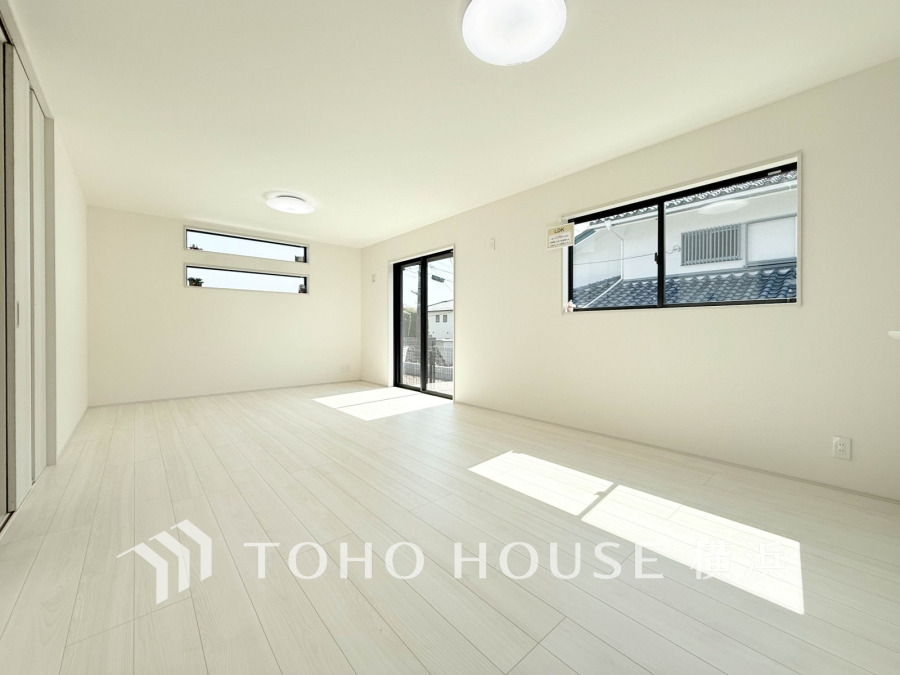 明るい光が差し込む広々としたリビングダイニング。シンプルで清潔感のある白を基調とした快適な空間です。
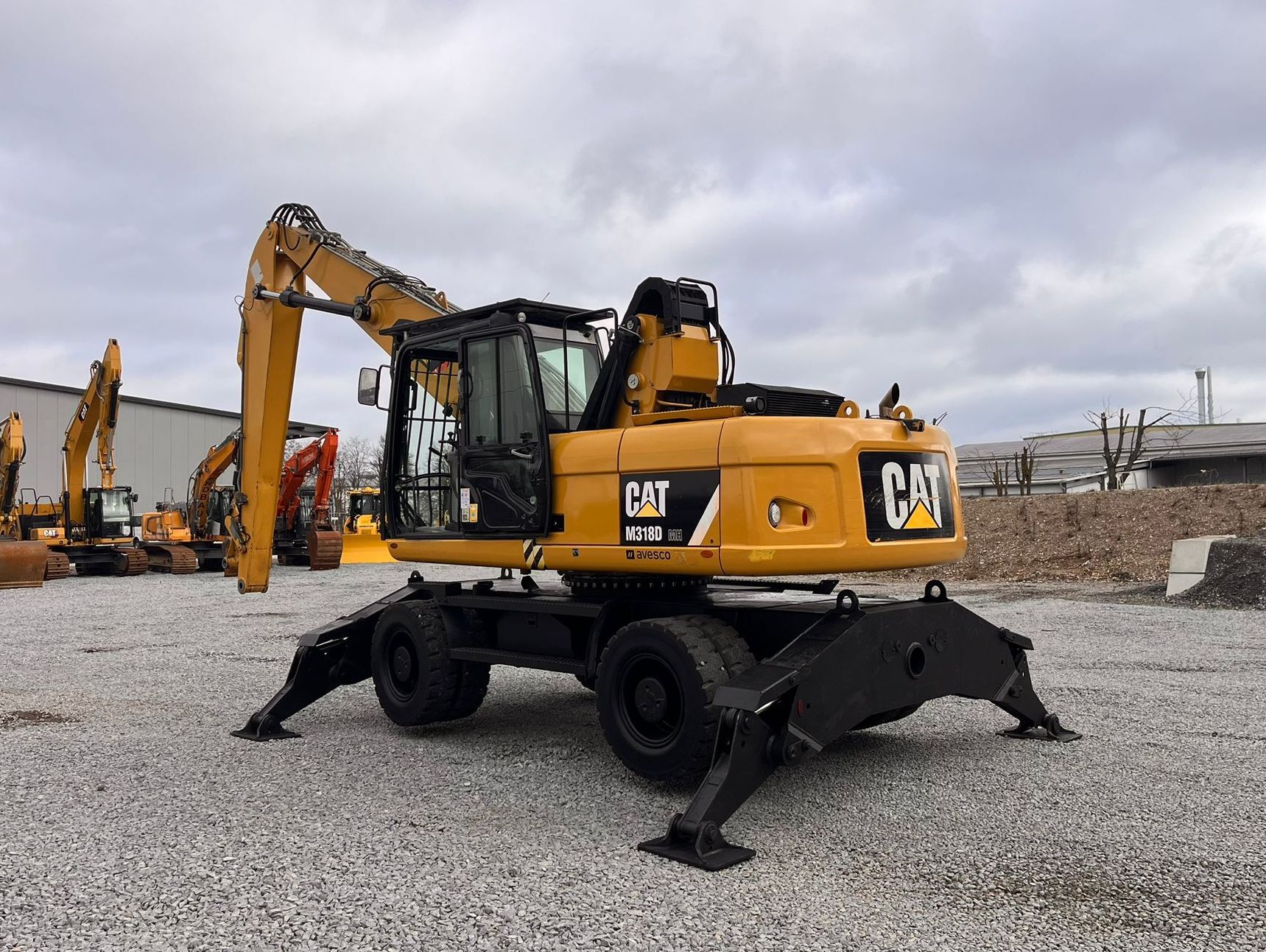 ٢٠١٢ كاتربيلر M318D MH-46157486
....................
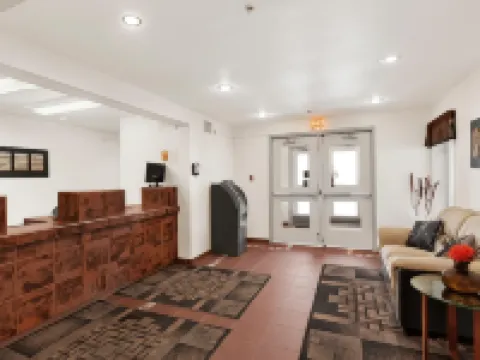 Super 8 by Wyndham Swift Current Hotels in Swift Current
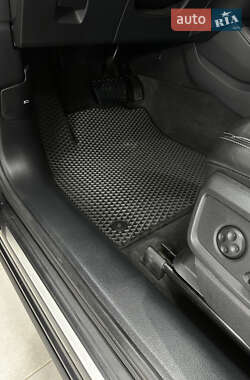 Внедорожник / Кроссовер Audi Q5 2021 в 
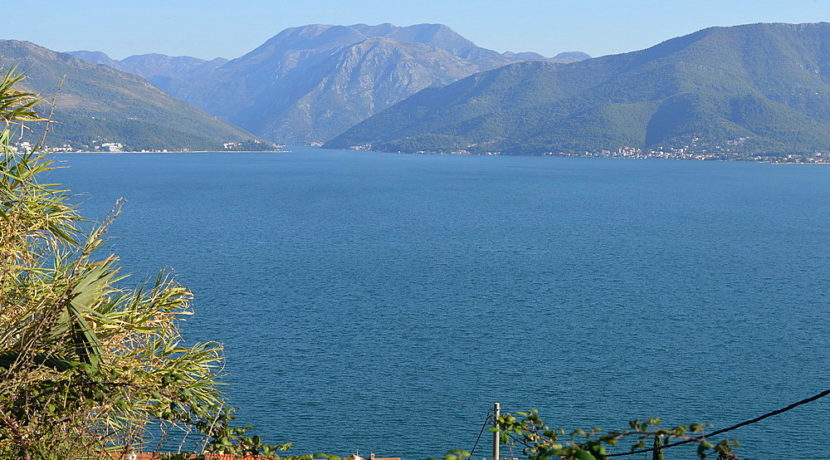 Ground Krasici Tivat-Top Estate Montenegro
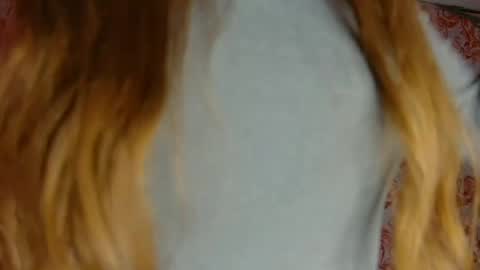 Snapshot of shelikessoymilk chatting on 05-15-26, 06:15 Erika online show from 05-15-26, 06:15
....................
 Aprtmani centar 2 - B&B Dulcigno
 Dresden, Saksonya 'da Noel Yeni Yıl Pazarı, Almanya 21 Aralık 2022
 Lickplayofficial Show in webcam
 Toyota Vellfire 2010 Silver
....................
## Your instructions
Starting at the line that has "Aprtmani centar 2 - B&B Dulcigno" in the records above, restate word for word every line until the one that has "Toyota Vellfire 2010 Silver", and include that one as well.

## Response for this exercise
 Aprtmani centar 2 - B&B Dulcigno
 Dresden, Saksonya 'da Noel Yeni Yıl Pazarı, Almanya 21 Aralık 2022
 Lickplayofficial Show in webcam
 Toyota Vellfire 2010 Silver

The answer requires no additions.